Il messaggio nel vento

DI ANTONIO MARTONE

 

Ieri sera, parlando con un amico poeta, ci siamo soffermati su fatti poco noti, accaduti nel corso dell’emigrazione italiana tra la fine dell’Ottocento e l’inizio del Novecento.

In quel periodo, donne e uomini talvolta molto piccoli (anche mio nonno è stato fra questi), partivano dai paesi italiani spesso abitati da contadini poveri, per raggiungere le Americhe: sia America del Sud, Argentina, Brasile, sia America del Nord, Stati Uniti e Canada.

La cosa particolarmente significativa e che, soprattutto gli emigranti rivolti verso gli Stati Uniti e il Canada, quasi mai avevano in programma di ritornare – cosi coloro che partivano dai porti italiani venivano salutati e salutavano il paese di provenienza, e i loro stessi familiari, con l’idea che non si sarebbero visti mai più.

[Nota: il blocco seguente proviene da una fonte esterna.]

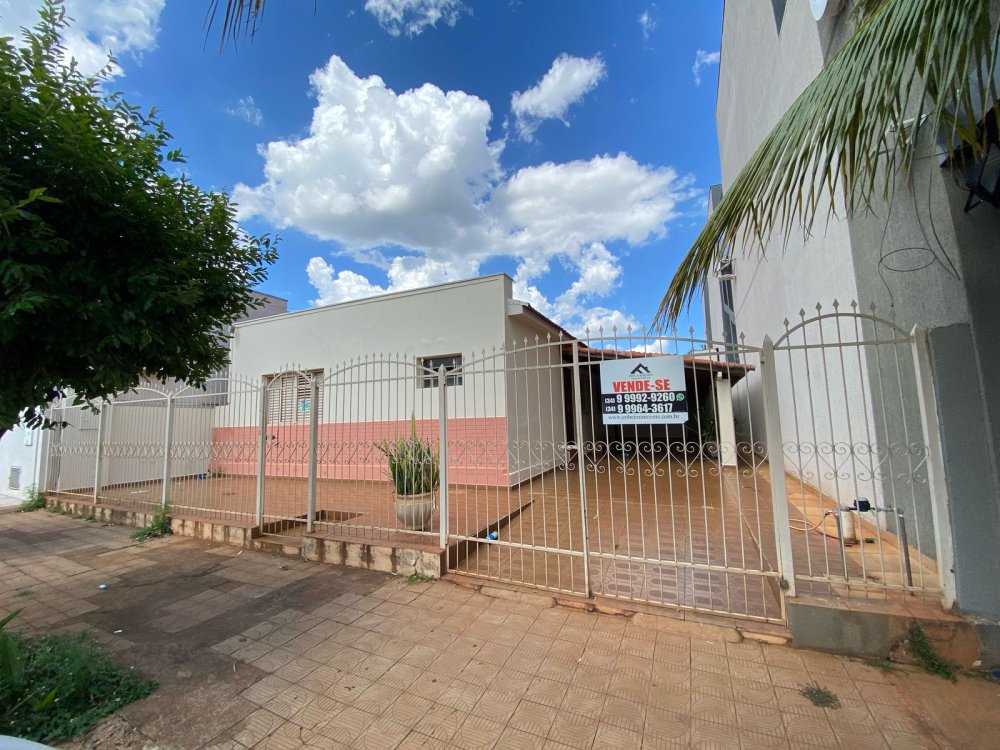 Casa - Venda - Centro - Iturama - MG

In fondo, si trattava di una vera e propria morte – una morte particolare, poiché essa preludeva alla nascita di una nuova vita, magari una vita migliore, e purtuttavia, dal punto di vista del rapporto fra madre e figlio tra padre e figlia, si trattava comunque di un addio che non prevedeva alcuna possibilità di ritorno.

Per molti di loro, anche la comunicazione era difficile: per coloro che riuscivano a scrivere – non dimentichiamo che parliamo di un periodo in cui gran parte degli emigranti erano analfabeti – era possibile affidare qualche notizia a lettere che sarebbero arrivate (forse) moltissimo tempo dopo: non c’era nessuna sicurezza sul fatto che il familiare avrebbe letto quelle lettere.

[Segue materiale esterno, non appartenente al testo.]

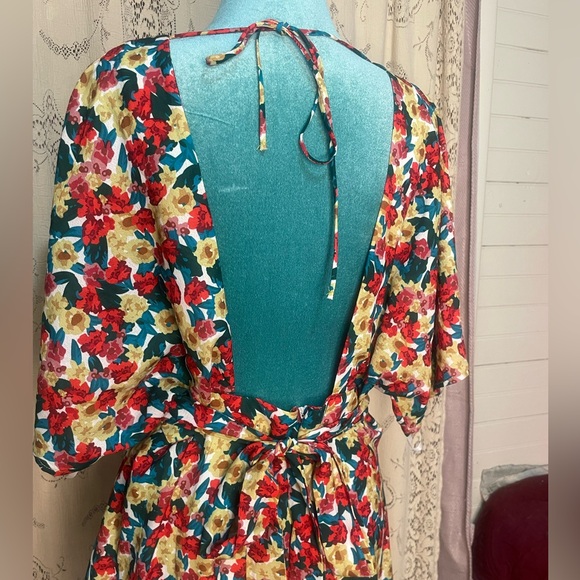 Floral low cut sundress - Picture 4 of 4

Altri invece, ed è di questo che mi ha parlato il mio amico poeta, soprattutto donne anziane, usavano un mezzo di comunicazione assai particolare: dopo aver lasciato il centro abitato del proprio paese, salivavano sulla parte più alta della montagna – e questo accadeva nei giorni particolarmente ventosi.

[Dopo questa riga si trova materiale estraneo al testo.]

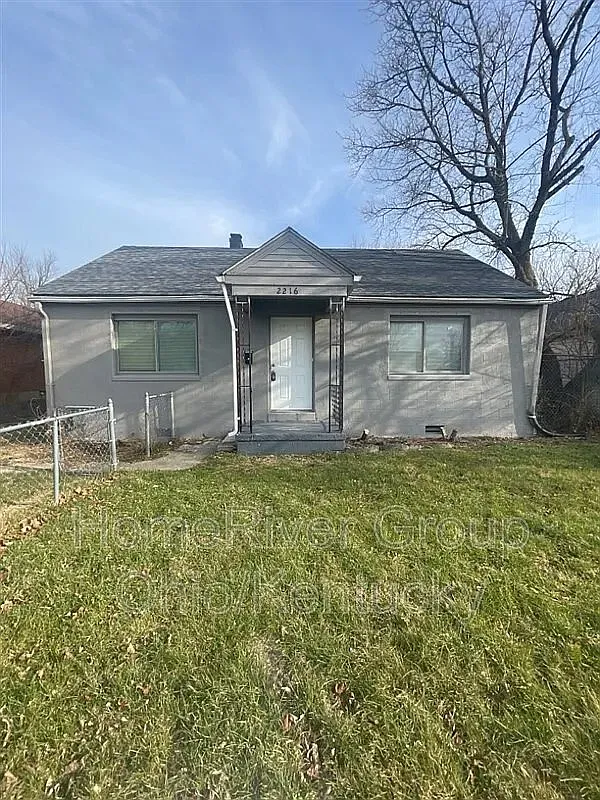 2 bed, 1.0 bath, 831 sqft, $1,097 — Photo 1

Non di rado, dunque, sui crepacci della montagna, si poteva vedere uno strano spettacolo: una donna ricoperta di scialli neri, con il viso e la testa completamente nascosti da un fazzoletto, parlava, parlava e mandava messaggi che venivano trascinati via dal vento fragoroso che a stento non destabilizzava il corpo della persona stessa.

Queste anziane donne pensavano che le cose che venivano dette nel vento avrebbero avuto la forza di varcare gli oceani e di arrivare nel nuovo mondo dove sarebbero state ricevute dai familiari.
Questo bizzarro ricordo mi ha fatto venire in mente qualcosa di simile che accadeva quando le donne rimaste vedove – magari troppo presto – ogni sera, dopo aver svolto le attività quotidiane, si recavano sulla tomba del marito scomparso, per raccontare ciò che era successo nel corso della giornata e per chiedere consiglio su come si sarebbero dovute svolgere queste o quelle mansioni.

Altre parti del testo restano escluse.